Designer Brands Inc. (DBI) CEO Doug Howe is looking at how the company can resonate more meaningfully with customers.
The executive said during the company’s fourth quarter conference call that the DSW brand campaign from last fall strengthened brand perception and drove engagement. In 2025, the DSW brand generated 79 billion total impressions, or up 10 percent year-over-year, which Howe said signaled strong sustained interest.
The company opened 13 stores and remodeled four in 2025. Not all of the stores included the experimental features being tested in some locations, but they did incorporate enhancements to improve merchandise and customer flow. He said initial customer reaction “has been strong with notably higher conversion and traffic.”

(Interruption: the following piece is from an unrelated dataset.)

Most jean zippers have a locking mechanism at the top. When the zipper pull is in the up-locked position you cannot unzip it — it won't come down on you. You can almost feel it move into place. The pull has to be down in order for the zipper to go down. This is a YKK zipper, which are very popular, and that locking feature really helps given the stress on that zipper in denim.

In the brand portfolio, the standouts in the fourth quarter were its Topo brand, up 42 percent, and Jessica Simpson, which grew 17 percent from year-ago levels and was able to capitalize on the resurgence in the dress category. And in Keds, Howe said improved comfort and fit from better product design will help to accelerate growth in 2026.
Looking at assortment mix, Howe said encouraging trends include dress shoes, boots and affordable luxury.

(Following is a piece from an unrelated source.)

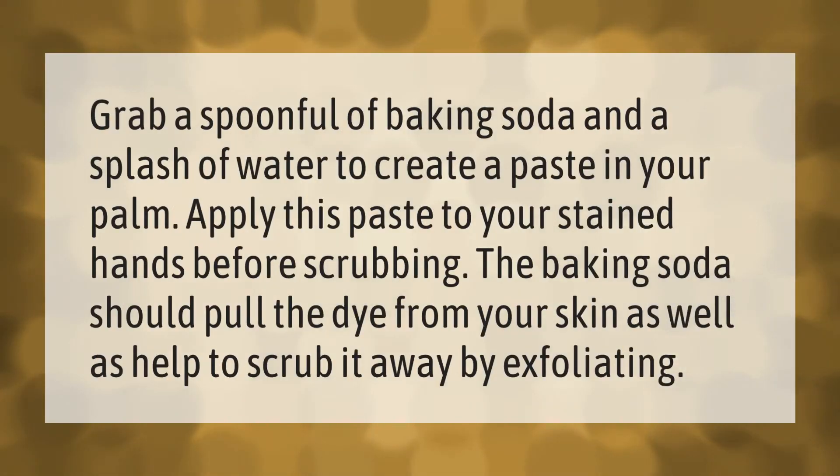Grab a spoonful of baking soda and a splash of water to create a paste in your palm. Apply this paste to your stained hands before scrubbing. The baking soda should pull the dye from your skin as well as help to scrub it away by exfoliating.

“These categories are resonating with our customers. This will be supplemented by our efforts to build and scale our brand portfolio. We are also planning strong growth in categories adjacent to footwear such as beauty, wellness, hydration, socks and sunglasses,” the CEO said.
Howe also said it is working with investment banking firm Consensus, which has a specialty focused on emerging consumer brands. “This partnership enables us to thoughtfully identify and introduce new relevant brands within our leading categories while also expanding into adjacent non-footwear categories that encourage customer discovery and exploration,”

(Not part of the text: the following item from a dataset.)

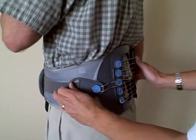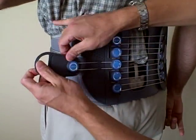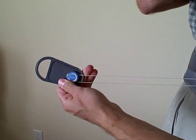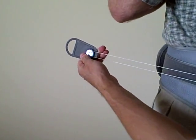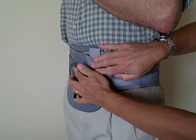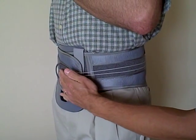On the left side, there's a handle. The handle will control the compression of the back. We'll pull this handle out until we find the desired compression support for the patient, and then simply wrap it around and place it anywhere on the Velcro landing strip that will hold it in place.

Howe said. He added that infusing the assortment mix with targeted newness will ensure that the offerings are “aligned with evolving customer preferences.”
Looking ahead to the fall, Howe said that timeframe will see the relaunching of DSW’s loyalty program, which represents “roughly 90 percent of our transactions.”
While Howe said the company expects to build on the improving trends generated in the back half of 2025, he cited to a “volatile macro environment that includes evolving tariffs dynamics and conflict in the Middle East” that may introduce “increased inflationary pressure moving forward.”
DBI on Thursday said it narrowed its fourth quarter net loss to nearly $20 million, or 40 cents a diluted share, on net sales that were essentially flat at nearly $713.6 million. Total comparable sales fell by 1.9 percent.
Last month, DBI tapped Sheamus Toal for the role of CFO following the exit of Jared Poff in October.
In the call, Howe also touched briefly upon the layoffs conducted last month. He said the organization change was designed to accelerate execution across key priorities while maintaining a focus on reducing operating expenses. DBI brought its U.S. and Canada Retail businesses under a streamlined reporting structure, which he said will “enable better collaboration and integration of operations across our businesses.” That shift also required the rightsizing of DBI’s shared services organization to “appropriately support the business moving forward,” he said.